To help explain why, let’s consider that some objects, according to their size, weight, texture, and environment, behave differently than others during an interaction. It is this mechanism of interaction — the subtleties of feedback, the coherency of transitions, etc. — through which users decipher whether or not a UI is intuitive, real, or effective.
The Material Design approach to icons is telling of everything the language is trying to achieve: communicate meaning in the quickest and most attractive way possible.
System Icons, as it calls them, are the little symbols that typically represent actions, files, devices, and directories. As per the guidelines, they should be geometric rather than gestural, of one block colour with varying opacity depending on their state, and contain very little detail. Above all, though, they should be consistent.

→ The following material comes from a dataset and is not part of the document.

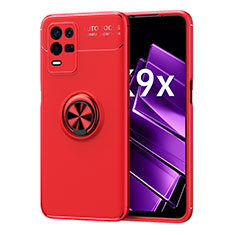 Silikon Hülle Handyhülle Ultra Dünn Schutzhülle Tasche Flexible mit Magnetisch Fingerring Ständer JM1 für Oppo K9X 5G Rot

Consistency is, once again, the key. To be effective, icons need to be recognisable at any size and create a sense of brand unity across many devices and platforms. With a disparate set of products, Google does this better than anyone else — so take heed from its vast library of themed Material Icons.
If pixels are the particles that make up your material, and material the substance that makes up your brand, then nothing says more about your brand than the colours it uses.
Google understands this, and through its Material Design Palette Tool, allows brands to create organised and balanced colour schemes. You first select primary and secondary colours — the ones that reflect your brand’s central tone and style. Then you choose from generated dark and light variants of each to be used throughout your UI in different ways.
Used together, this builds a harmonious colour theme that serves the Material Design guidelines — for instance, by always displaying text clearly and enabling users to distinguish between separate UI elements and surfaces.
As we were reminded by the thin font trend, the most important point in type design is that fonts communicate information in a clear and efficient way.
Through achieving clarity and efficiency, you can’t help but achieve beauty as a side effect. The primary focus of the Material Design Type scale, then, is to first help you establish a structured and hierarchical system of fonts across all devices. It consists of guidelines over 12 scale categories — from H1 and subtitles to body, captions, and buttons. And to support the specific needs of your brand, it also lays out a range of contrasting styles that follow the scale.
One of the things it advises is that, for instance, when choosing your heading fonts, you should choose something expressive, such as a display, for the largest, handwritten or script style for H3, and Serif or sans serif for H5 or H6.
Material Design 2?
After four years since the initial release of Material Design, Google has begun slowing but surely rolling out version number two.
With Gmail’s recent redesign — one of the last services to adopt Material Design principles — many of you may have already gotten a glimpse of what this may look like. An abundance of white space, bold and colourful icons, a move from Roboto to “Google Sans”, and rounder, bouncier corners are just some of the differences that will likely define Google’s new approach.
But let’s be clear, few of the underlying principles laid out in Material Design 1 are actually changing. And Google will likely not name it as a release of a new iteration, but rather frame it as another part of its continually evolving design philosophy.